Thank you for raising this case, which turns out to be a thought-provoking one, and given the views on the two questions, one deserving of attention.
Thinking about it, the valid answers to the question "Is there a command to factory reset Ubuntu?" are a subset of the valid answers to "Is there a way to factory reset Ubuntu?", which the target question of the pair asks.
I am going to argue that this is more important than any other consideration in this particular case, and propose that the current situation is possibly the most appropriate one, but is still less than ideal and would benefit from some action.
The effects of duplicate closure
Let's think about the relevant effects that closing a post as a duplicate of another has on the two of them.
A post closed as a duplicate cannot be answered.
For me this is the most powerful, important, and potentially negative effect of duplicate closure.

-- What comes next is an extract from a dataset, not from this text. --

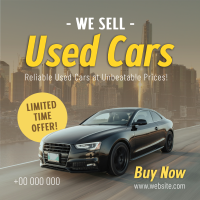 Used Car Sale Linkedin Post Image Preview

Someone who wants to answer a duplicate question should be able to post their answer to the target assuming the material of the hypothetical answer hasn't already been posted there in other answers. If the would-be answerer cannot do so, the closure may well be wrong. There is some justification for closing all small variations on a theme against a post that covers the theme thoroughly, but as a general principle a question that would benefit from a unique answer should be left open (assuming it is answerable within the site's scope and format).
In this case, the close direction seems to be correct from this perspective.
A post closed as a duplicate has a prominent link directing visitors to its target1
This may cause good answers posted to the duplicate to be overlooked or bypassed in favour of the answers to the linked post.
The second of these two considerations may sometimes be the most important factor in deciding on a dupe-closure direction. We should try to direct visitors towards the best answer(s) where possible. However, I personally think that the first consideration is more important in cases where one particular close direction would discourage a type of answer that the other close direction would allow. In other words I believe that we should try to take actions that encourage answering where we have to choose between acceptable courses of action.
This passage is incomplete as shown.